Left Hand was established in 1993 by Massimo Osti, the founding father of C.P. Company, Stone Island and a number of others.
Many view Left Hand as the brand that allowed Osti to fully express himself and everything he’d been working on up until that point. By 1993, Osti had accrued 20 years of design experience and had invented new and innovative materials.
His ‘garment dyeing’, has become an industry-changing technique that is utilised as a standard to this day, which at the time was both economical and design-forward, and resulted in the tone rich textural basis that many of his brands have become synonymous with.
Throughout the 80s, Osti built on garment dyeing by fusing it with stone washing and a variety of other product development techniques, introducing Tela Stella, which was reminiscent of military tarpaulin and also Raso Gommato and his pioneering military influences in a fashion setting, provided the basis for modern-day functionalism.

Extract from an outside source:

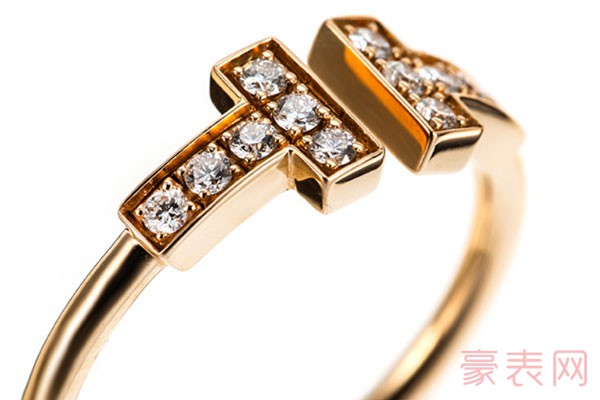18k材质戒托的钻石戒指回收多少钱一克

By 1987, Osti invented a variety of treatment methods that bolstered wool and flax with rubber to create waterproof foundations, and added sought-after levels of distress and feel to the garment’s bodies. In the same year, Osti invented ‘brushed wool’, a way of manipulating wool while keeping it breathable and insulating. Again, like garment dyeing, the practice is now an industry standard.
By the time Osti founded Left Hand, he had the entire design world looking to him for advice and inspiration. Osti launched Left Hand with the Allegri Company, a design agency he had previously worked with during the creation of Tela Stella and Raso Gommato.
Left Hand’s first 1993 collection debuted two new materials, the first was Micro, a nylon that was produced by using an advanced pressing technique traditionally used in paper manufacturing. It resulted in a thin microfibre layer that maintained breathability and durability despite being paper-thin.
The second material was Thermojoint, a lightweight cotton with a PVC base that resulted in a highly durable, 100% waterproof and nuclear radiation-resistant material. Osti’s developments around this time transcended the sportswear ideas he set out with and brought the idea of clothing as protection to the forefront.
Aside from revolutionary materials, Left Hand’s design aesthetic utilised more tonal branding, creating a place for the designs to stand out on their own. Design details included angled velcro phone pockets, fold away hoods, unique zip placement and hidden pockets that defined Left Hand’s output.